Pope Francis's words arrive from the heart of Sunni Islam: Cairo's mosque-university Al-Azhar, “the Splendid,” a beacon for millions of Muslims across the world.
“Let us say once more a firm and clear ’No!’ to every form of violence, vengeance and hatred carried out in the name of religion or in the name of God. Together let us affirm the incompatibility of violence and faith, belief and hatred. Together let us declare the sacredness of every human life against every form of violence, whether physical, social, educational or psychological,” Francis said during his speech to participants at the International Peace Conference, alongside the Grand Imam of Al-Azhar, Ahmed Al Tayyib.
The speech comes a year after they met in the Vatican, signalling a return to dialogue after a break in relations.

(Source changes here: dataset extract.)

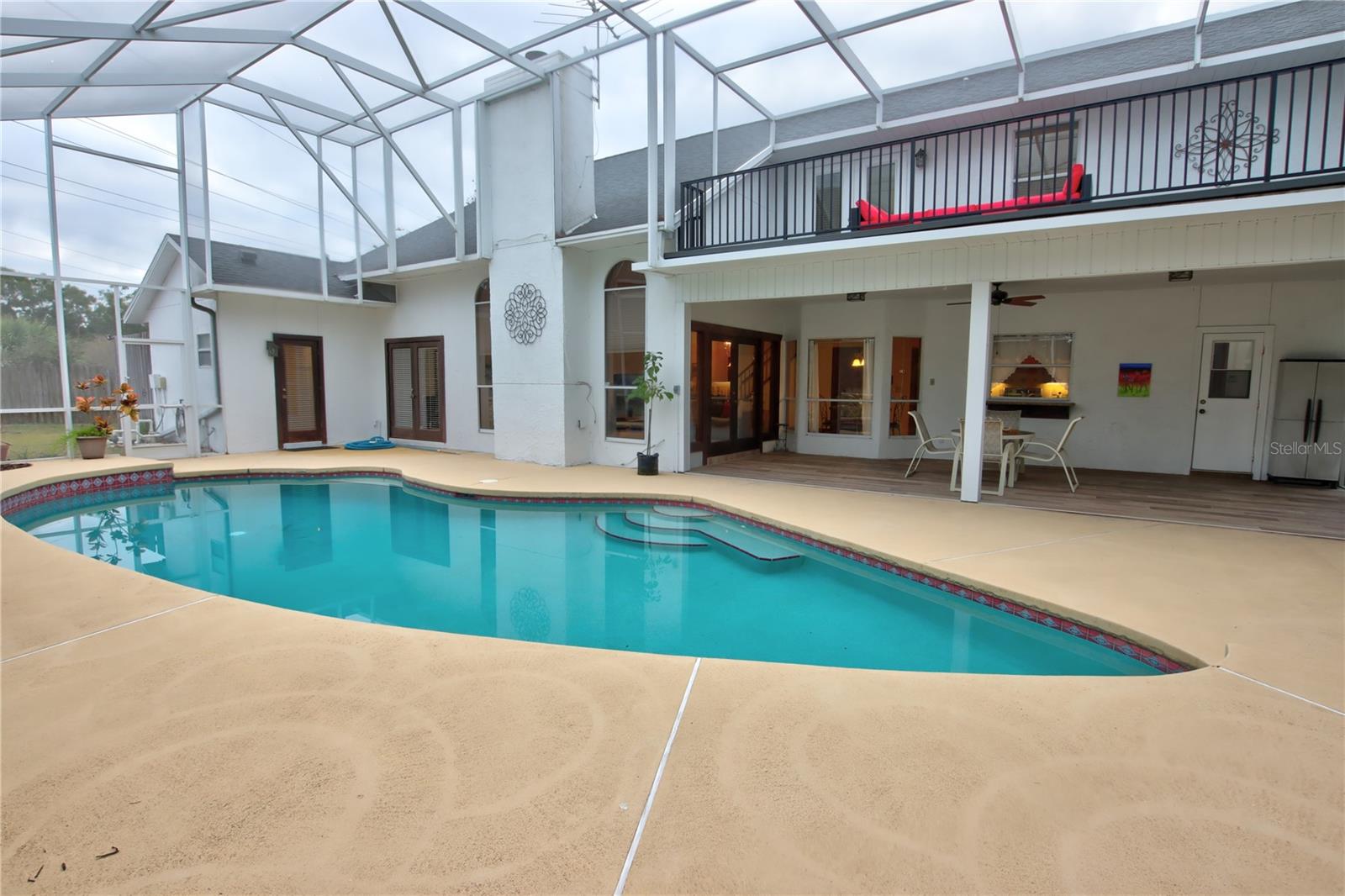 TURNBURY WOODS - Residential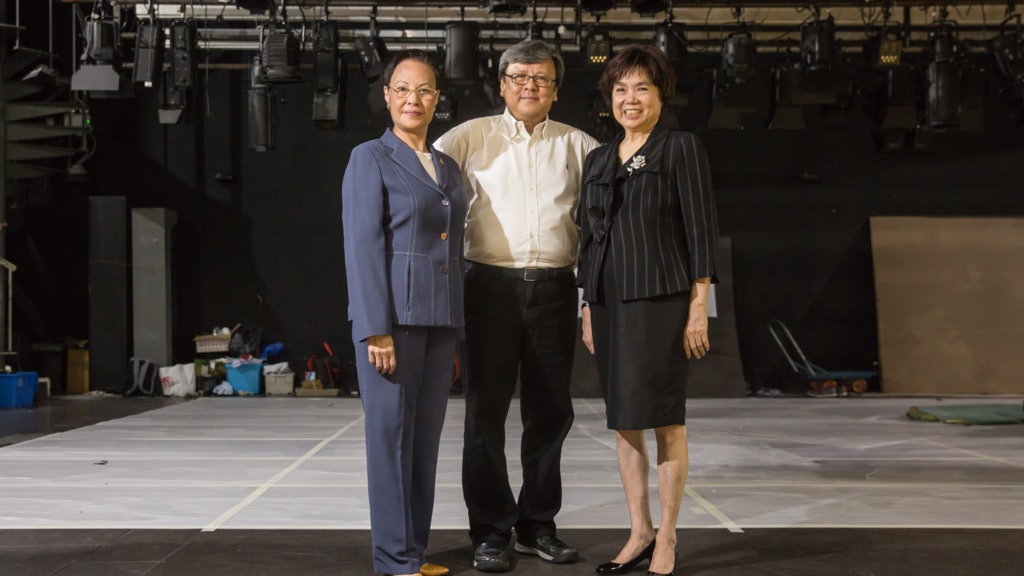 中大4校長為籌款粉墨登場 400校友演舞台劇《摯愛》巡迴表演 中大4校長為籌款粉墨登場 400校友演舞台劇《摯愛》巡迴表演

“It is disconcerting to note that, as the concrete realities of people's lives are increasingly ignored in favour of obscure machinations, demagogic forms of populism are on the rise,” Francis said. “These certainly do not help to consolidate peace and stability: no incitement to violence will guarantee peace, and every unilateral action that does not promote constructive and shared processes is in reality a gift to the proponents of radicalism and violence.”
The Imam of Al-Azhar affirmed that Islam is not a religion of terrorism, and no religion is.
These are strong words, shared in a moment when the terror offensive against Christians (and not only) is picking up. Pope Francis did not respond to this trend with tones of religious wars, but on the contrary of profound dialogue.
And Al Tayyib also sent a firm signal: “Islam is not a religion of terrorism,” he said, adding that neither is Christianity nor Judaism. “We have to purify religions from everything that sows hatred and from any deviation.”
On this point, the Pope reminded everyone of their responsibilities: “As religious leaders, we are called, therefore, to unmask the violence that masquerades as purported sanctity and is based more on the “absolutizing” of selfishness than on authentic openness to the Absolute. We have an obligation to denounce violations of human dignity and human rights, to expose attempts to justify every form of hatred in the name of religion, and to condemn these attempts as idolatrous caricatures of God.”
A “minute of silence” for “the victims of terrorism of all nationalities” was observed at the international conference. The moments of concentration were requested by the Grand Imam.
“In order to prevent conflicts and build peace, it is essential that we spare no effort in eliminating situations of poverty and exploitation where extremism more easily takes root, and in blocking the flow of money and weapons destined to those who provoke violence,” the Pope added. This was a “political” step, a call that he often makes on the theme of war, which is always fueled by interests and never by true religion.